The U-200 pen allows maximum single injections of 160 units compared to 80 units with U-100. Patients requiring more than 80 units daily should be preferentially prescribed U-200 to avoid split dosing.
Managing Bolus Insulin During the Switch
When patients on basal-bolus regimens switch their basal insulin to degludec, mealtime insulin doses should initially remain unchanged. However, because degludec provides more consistent 24-hour basal coverage with less peak-trough variation, some patients experience improved fasting glucose that was previously being partially managed by residual rapid-acting insulin from the evening meal dose.
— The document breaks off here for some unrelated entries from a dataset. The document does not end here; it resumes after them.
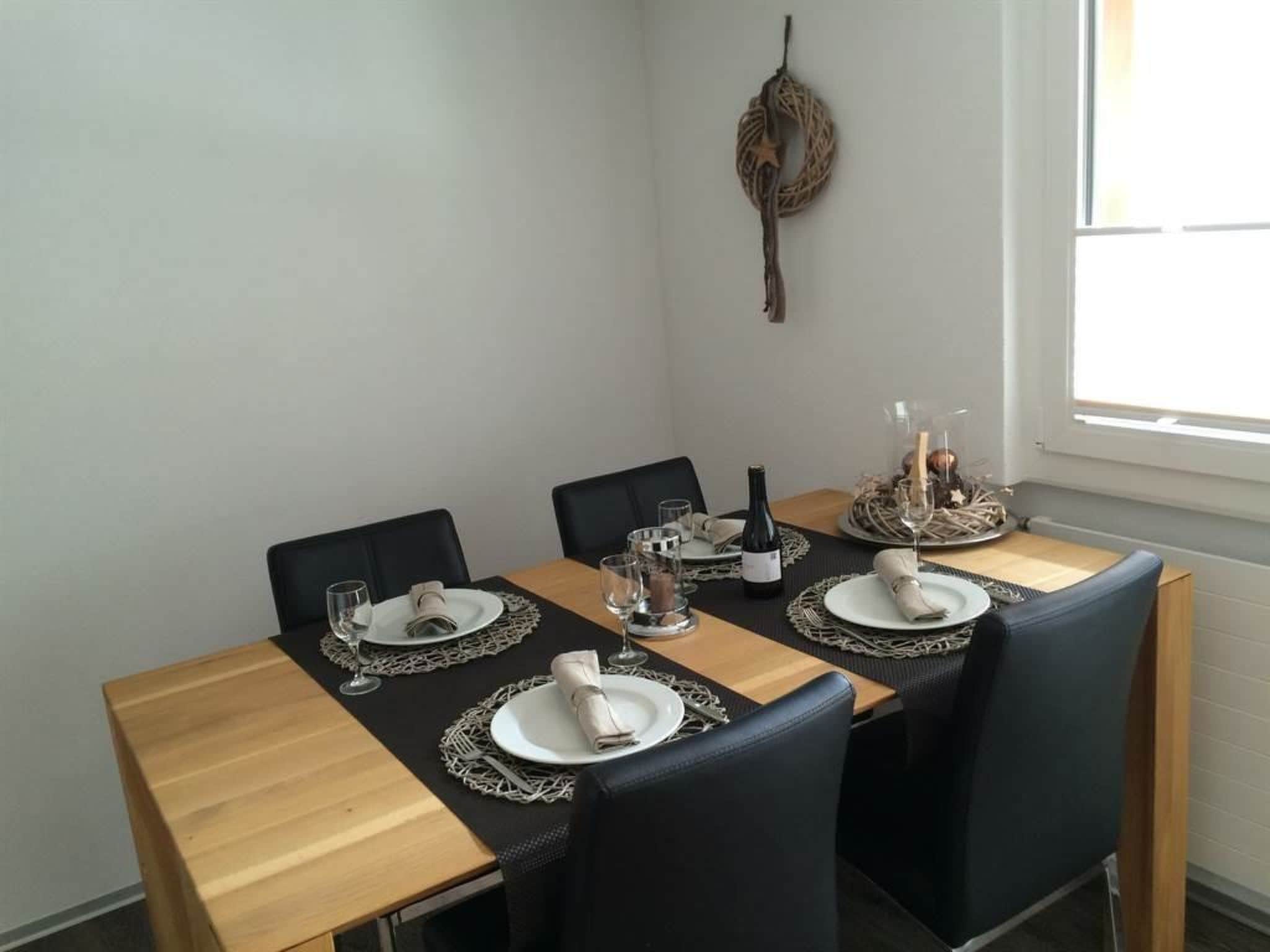 A dining table set for four with black chairs, a woven wall hanging, and a window with natural light.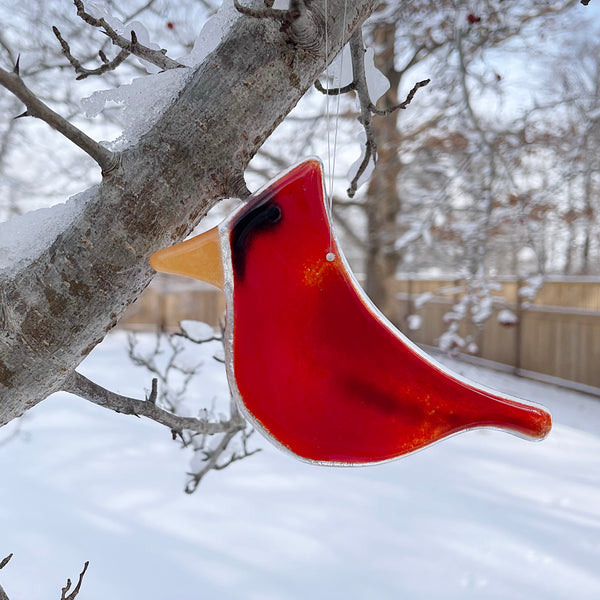 Charger l'image dans la galerie, Red glass cardinal bird ornament hanging from a tree branch in a snowy landscape.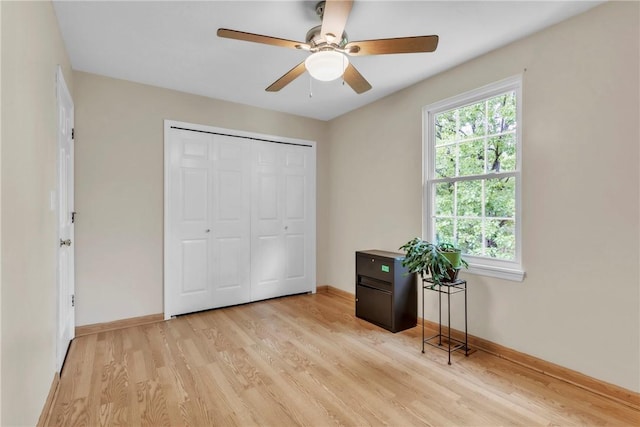 319 Hummingbird Cir, Cranberry Twp, PA 16066 - bedroom featuring light wood-style floors, multiple windows, baseboards, and a closet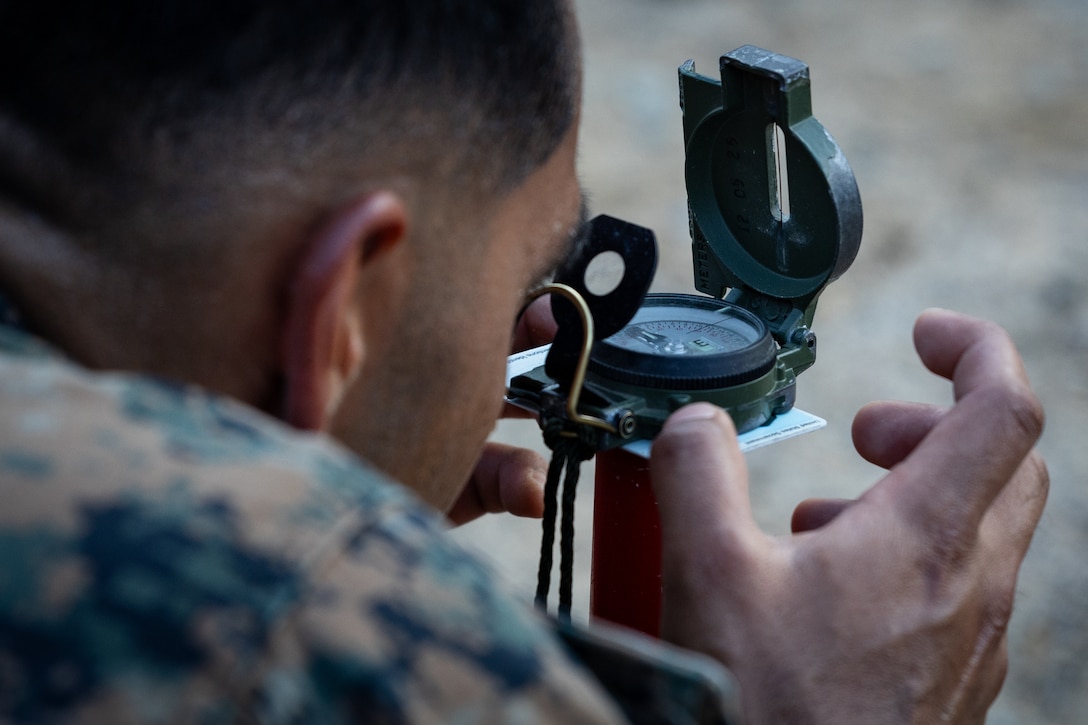 A U.S. Marines with 2nd Battalion, 23rd Marines, forward deployed with 4th Marine Regiment, 3d Marine Division as part of the Unit Deployment Program, sets up aiming stakes before firing 81mm mortars during the Korean Marine Exercise Program 25.2 in Pocheon, South Korea, July 28, 2025. KMEP is conducted regularly between the ROK and U.S. Marine Corps to increase their combined capabilities through realistic training geared towards deterrence and maintaining peace in the Indo-Pacific. (U.S. Marine Corps photo by Lance Cpl. Van Hoang)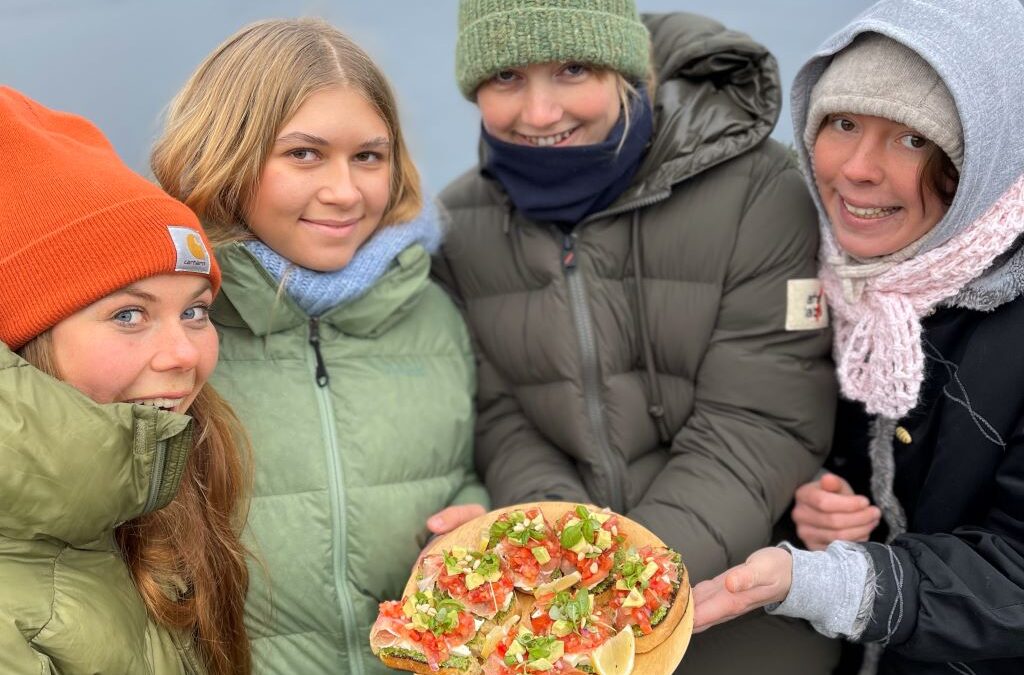 Kokkekamp ute på Vefsn Folkehøgskole Toppen. Fire elever viser fram maten de har laget. De har på seg dynejakker og lue. Vefsnfjorden i bakgrunnen.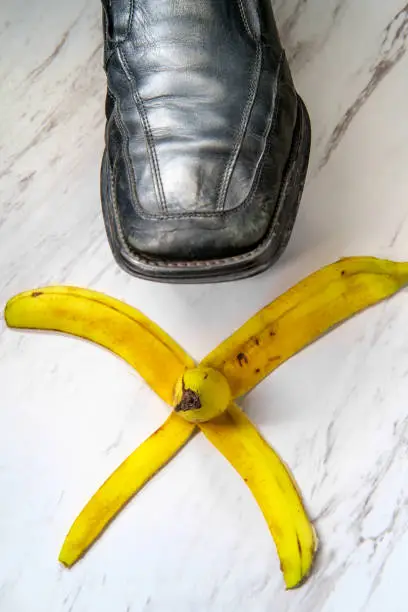 Business man stepping on comedy slippery banana peel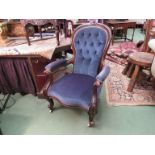 A mid-Victorian button spoon backed walnut armchair,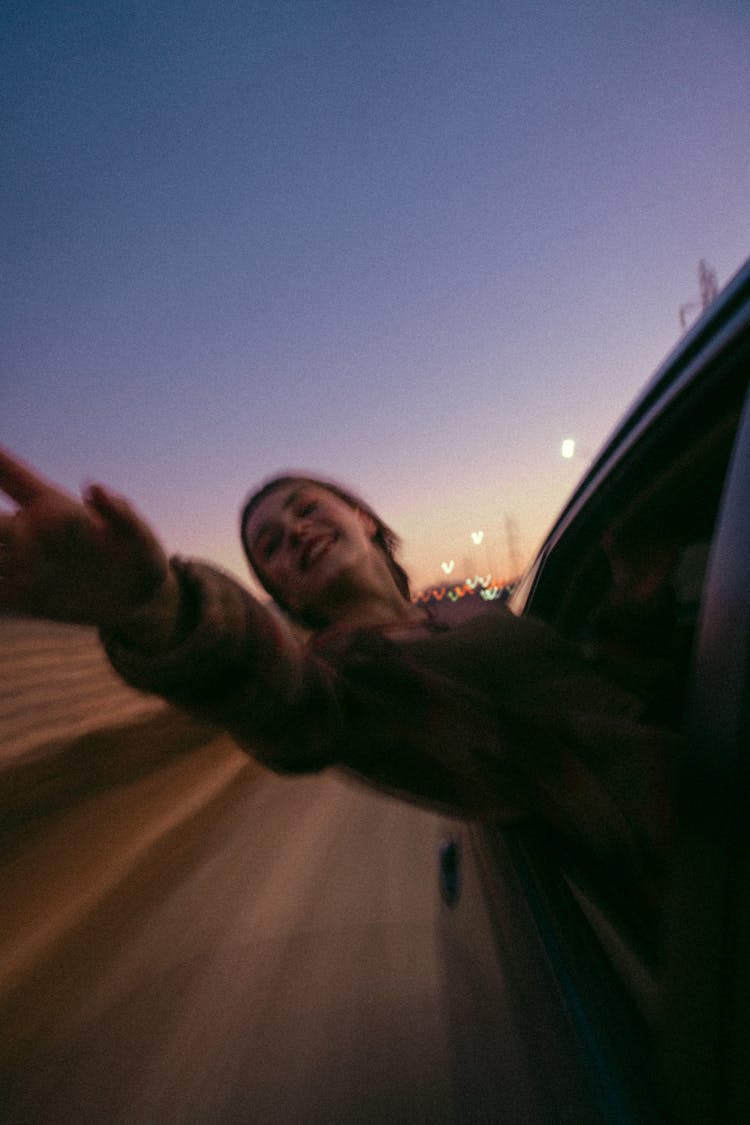 Girl Sticking Her Head Out Of A Moving Car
The BEGIN Basal-Bolus Type 1 trial showed that after switching to degludec, mealtime insulin doses decreased by a mean of 4.2 units/day over 52 weeks compared to the glargine arm, while maintaining equivalent A1C 10. Clinicians should anticipate potential mealtime dose reduction after weeks 2-4, particularly at breakfast where the elimination of dawn-phenomenon breakthrough has the largest effect.
Special Populations: Renal Impairment and Elderly Patients
Degludec's pharmacokinetics are not significantly altered by renal impairment (eGFR 30-59 mL/min/1.73m²), but the reduced insulin clearance in advanced CKD (eGFR <30) applies to all exogenous insulins. The recommended approach for switching patients with stage 4-5 CKD to degludec is to apply the standard conversion ratios but with an additional 10-20% dose reduction and more conservative titration intervals (every 5-7 days rather than every 3-4 days) 11.
For elderly patients (age ≥65), the DEVOTE subanalysis demonstrated that the hypoglycemia benefit of degludec over glargine was preserved and potentially amplified in patients over 65 years, with a rate ratio of 0.36 (95% CI 0.20-0.63) for severe nocturnal events 2. This makes degludec a preferred choice when switching elderly patients who have experienced nocturnal hypoglycemia on other basal insulins.
Titration After the Switch: The "Wait-Then-Adjust" Principle
Regardless of the source insulin, post-switch titration follows the same core principle: wait 3-4 days before any dose change. The Endocrine Society's 2023 guidelines specifically recommend against adjusting degludec more frequently than every 3 days, citing the 25-hour half-life and multi-day accumulation kinetics 3.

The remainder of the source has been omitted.